Start of Data shown

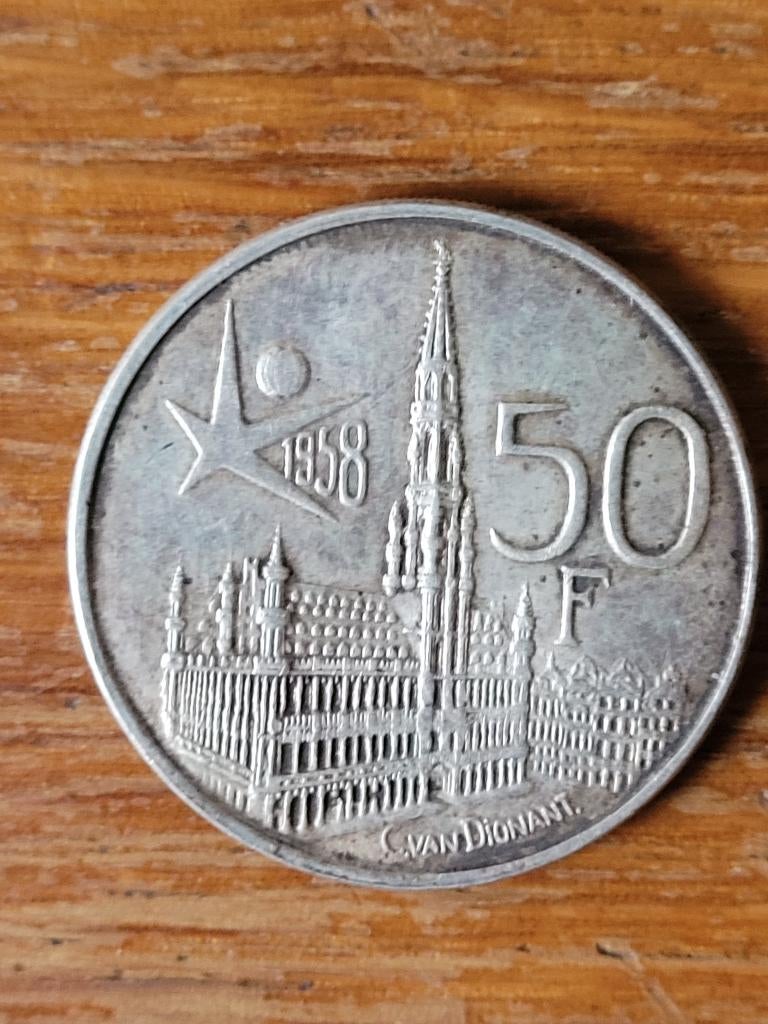 Munt boudewijn 1958 50 frank, Ophalen of Verzenden, Zilver, Losse munt, Zilver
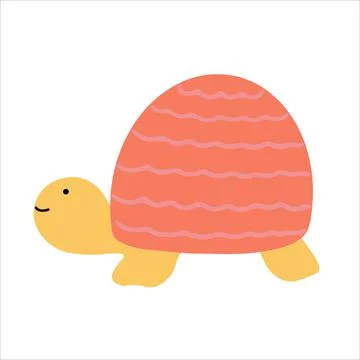 Cute turtle hand drawn in doodle style illustration for children Stock Illustration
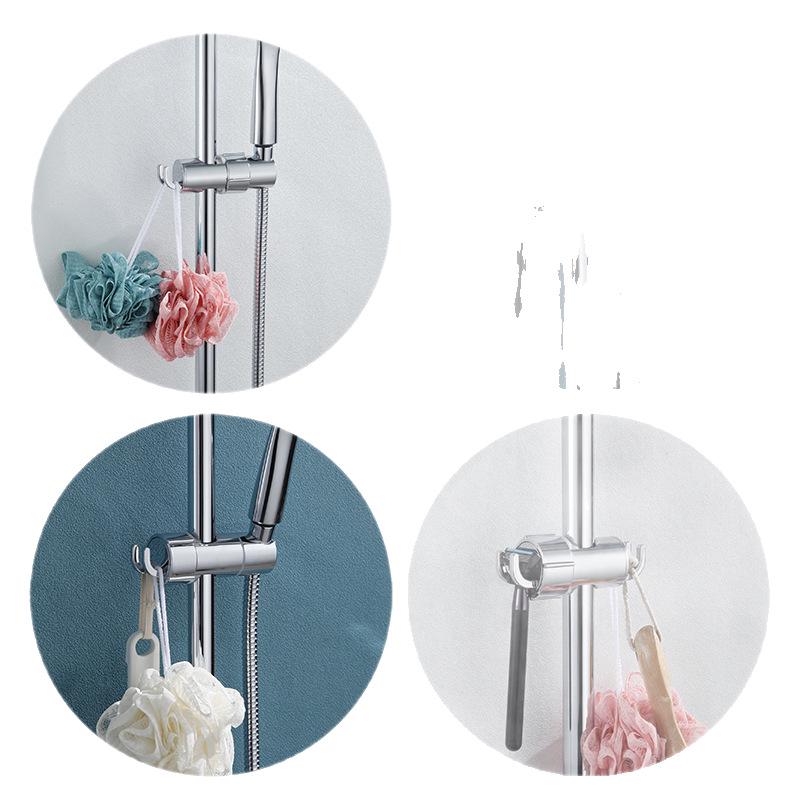 Tool-Free Non-Drilling Shower Rod with Hook Slider and Center Insert for Handheld Shower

End of Data shown

_What you are asked to do_
Setting the pictures aside, return exactly the lines from the line with "Cute turtle hand" through the last line of the listing above.

_Exercise solution_
 Cute turtle hand drawn in doodle style illustration for children Stock Illustration
 Tool-Free Non-Drilling Shower Rod with Hook Slider and Center Insert for Handheld Shower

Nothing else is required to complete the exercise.